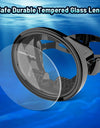 Oval Diving Mask Spearfishing Mask Classic Retro-Style Panoramic Wide View Scuba Goggles Tempered Glass Lens for Adults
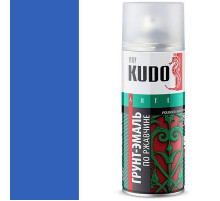 Грунт-эмаль по ржавчине голубая RAL 5015 KUDO аэрозоль 520мл.
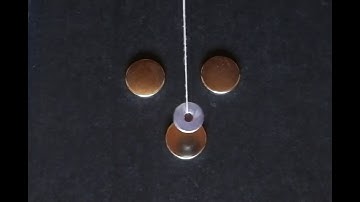 3 magnets pendulum ending at lower mid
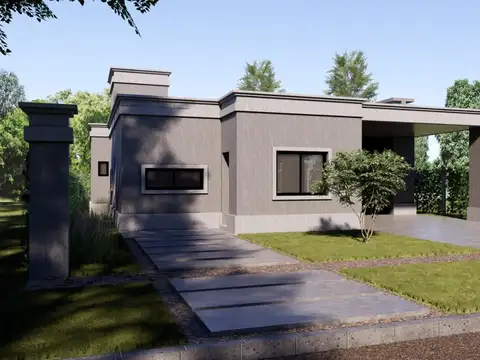 VENTA - Casa en construcción de 3 dormitorios y piscina - Punta Chacra, Roldán.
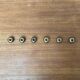 Brutalist Mid-Century Candle Holder in Bronze, 1960s, set of 6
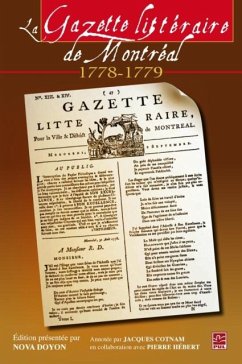 Cover La Gazette litteraire de Montreal (1778-1779) (eBook, PDF)
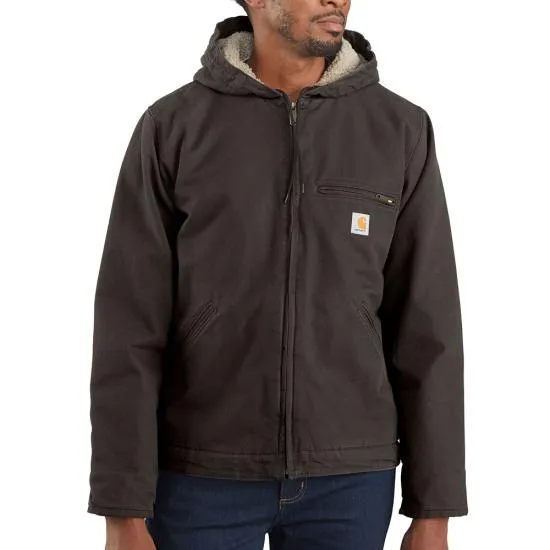 Carhartt Washed Duck Jacket - Sherpa Lined Big/Tall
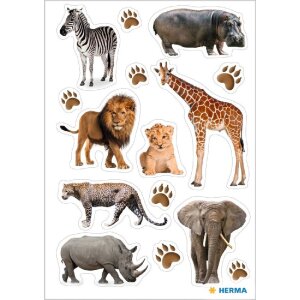 HERMA 15479 Adesivi decorativi Africa Animali Set...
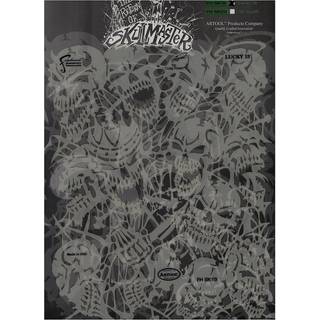 Artool FreeHand Airbrush -skabeloner Ret of Skullmaster Lucky 13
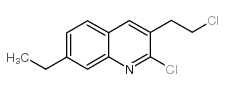 2-氯-3-(2-氯乙基)-7-乙基喹啉结构式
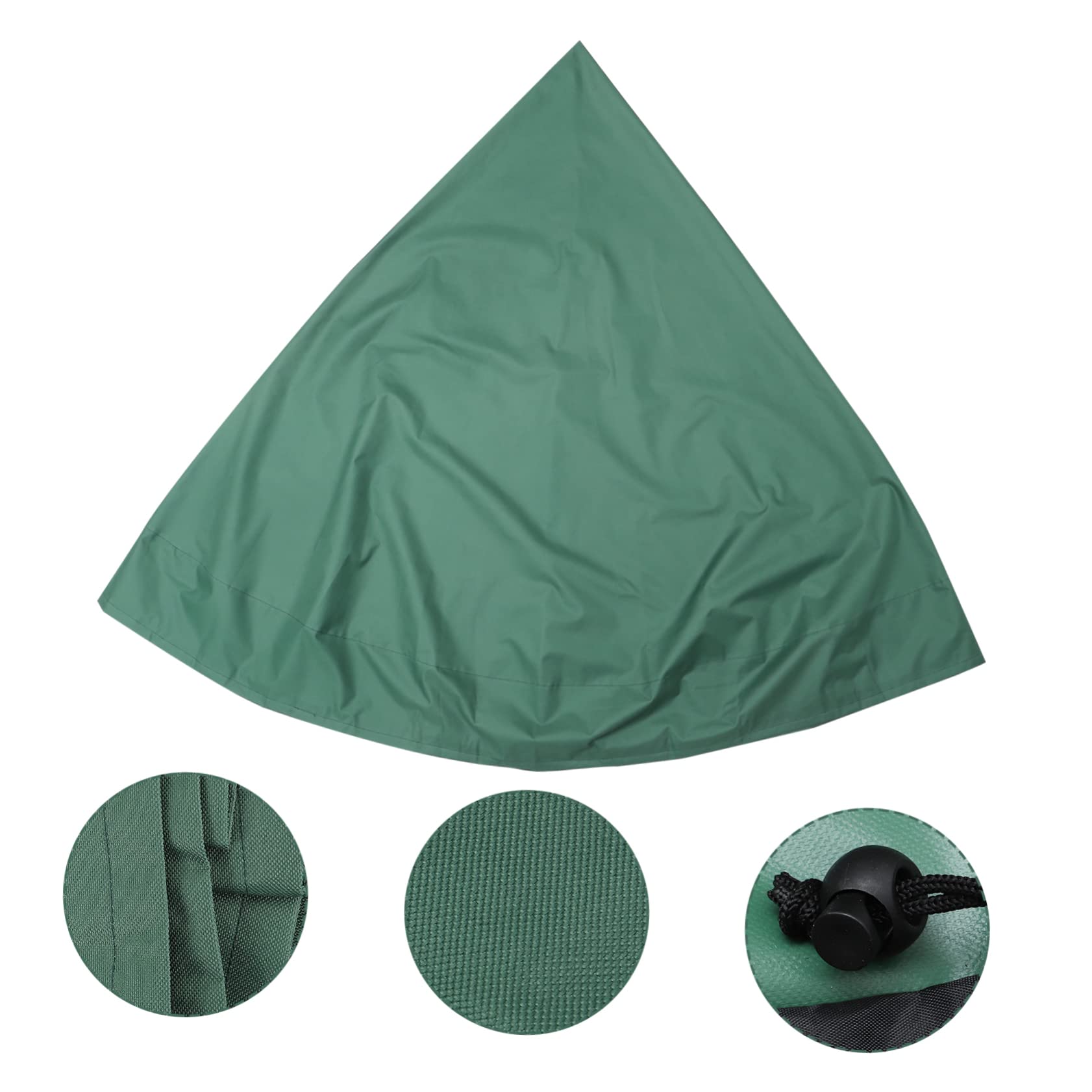 ifundom Polyester Courtyard Fountain Cover Weather Resistant Elastic Drawstring Sun Protection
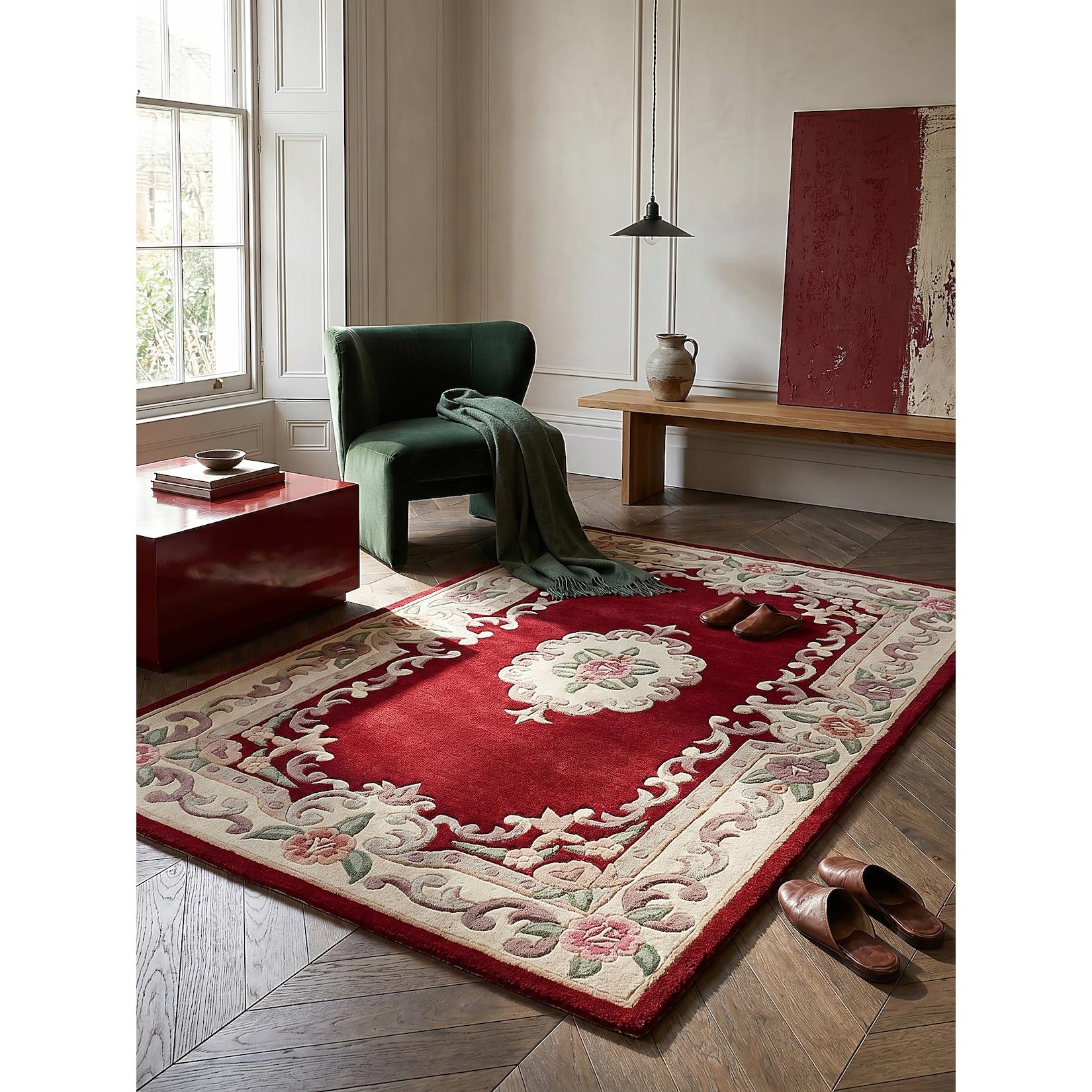 Wollteppich Orient Rot-Beige 120 X 180 Cm - Beauly Kadima Design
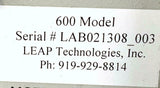 Leap Technologies 600 Gas Chromatograph 60 PSI Max Gas In - SOLD AS IS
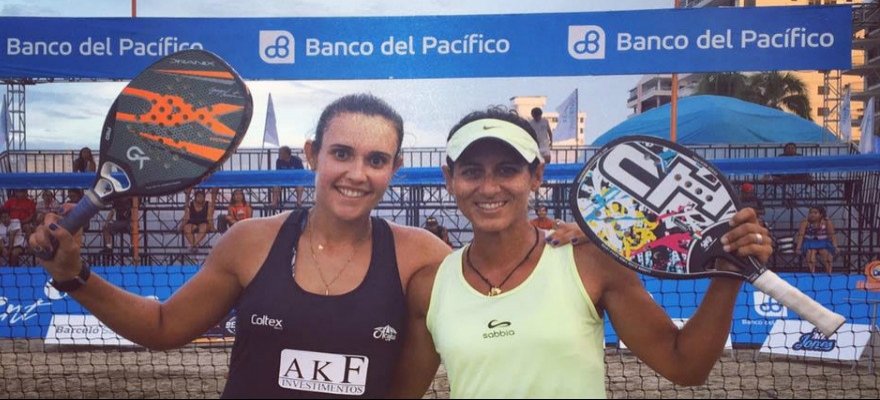 Joana Cortez e Rafaella Miller são vice-campeãs em Salinas, no Equador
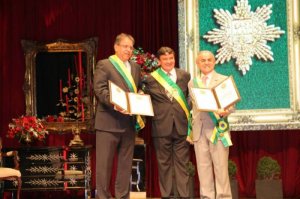 O deputado estadual, Paulo Mourāo também foi homenageado no mesmo grau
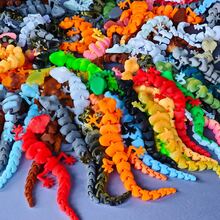 Assorted Color Small Lizard Decorative Figurines, Create Diverse Natural Style Miniature Landscape, Compact Size, Plastic Material Suitable For Arrangement, Indoor Miniature Landscape, Aquarium Decor Or Succulent Plant Accents, Great For DIY Landscape And Nature-Themed Decoration Lovers - Multicolor - View 8
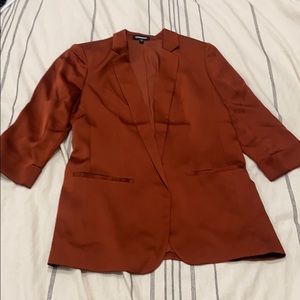 NWOT Express satin burnt orange blazer size M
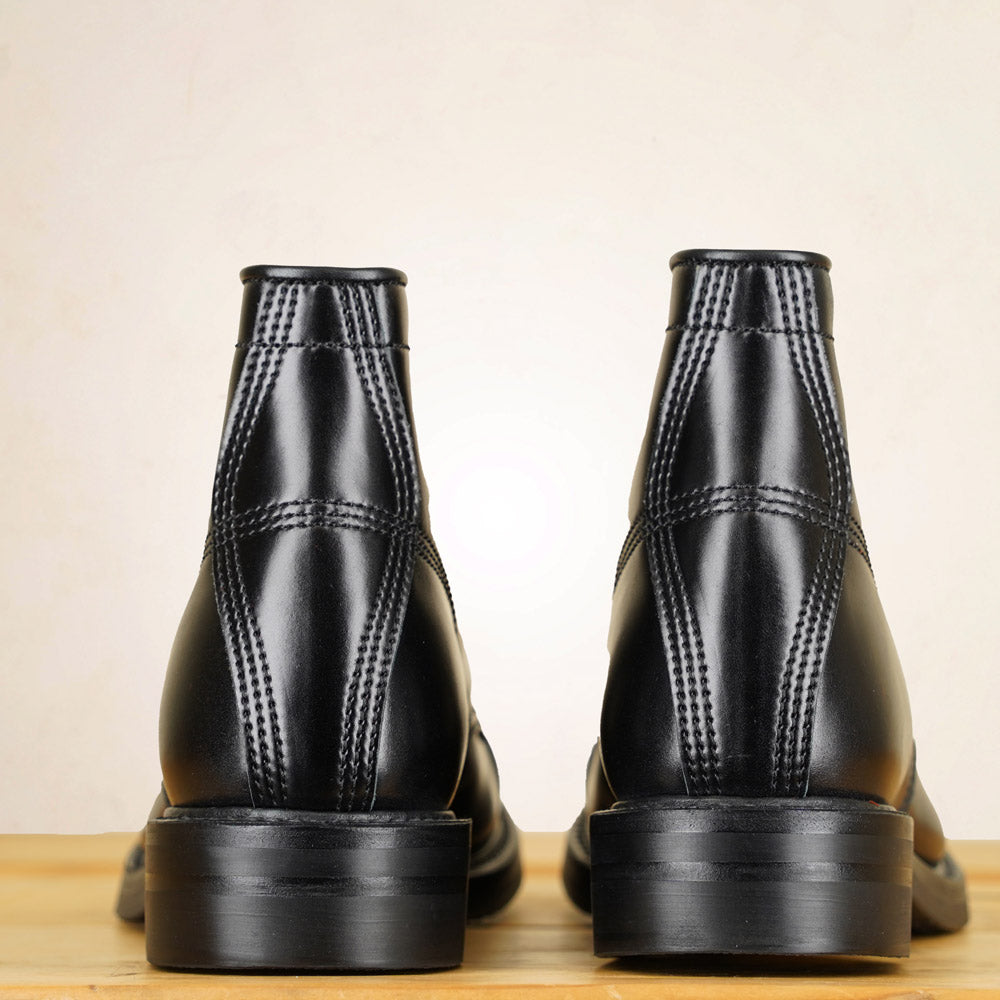 John Lofgren Black Ops Combat Boots - Shinki Shell Cordovan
* * * * * * *
**Your goal**
Repeat word for word, and nothing more, the lines between the line containing "Carhartt Washed Duck" and the last line of the records above, inclusive, without pictures.

**Expected answer**
 Carhartt Washed Duck Jacket - Sherpa Lined Big/Tall
 HERMA 15479 Adesivi decorativi Africa Animali Set...
 Artool FreeHand Airbrush -skabeloner Ret of Skullmaster Lucky 13
 2-氯-3-(2-氯乙基)-7-乙基喹啉结构式
 ifundom Polyester Courtyard Fountain Cover Weather Resistant Elastic Drawstring Sun Protection
 Wollteppich Orient Rot-Beige 120 X 180 Cm - Beauly Kadima Design
 Leap Technologies 600 Gas Chromatograph 60 PSI Max Gas In - SOLD AS IS
 Joana Cortez e Rafaella Miller são vice-campeãs em Salinas, no Equador
 O deputado estadual, Paulo Mourāo também foi homenageado no mesmo grau
 Assorted Color Small Lizard Decorative Figurines, Create Diverse Natural Style Miniature Landscape, Compact Size, Plastic Material Suitable For Arrangement, Indoor Miniature Landscape, Aquarium Decor Or Succulent Plant Accents, Great For DIY Landscape And Nature-Themed Decoration Lovers - Multicolor - View 8
 NWOT Express satin burnt orange blazer size M
 John Lofgren Black Ops Combat Boots - Shinki Shell Cordovan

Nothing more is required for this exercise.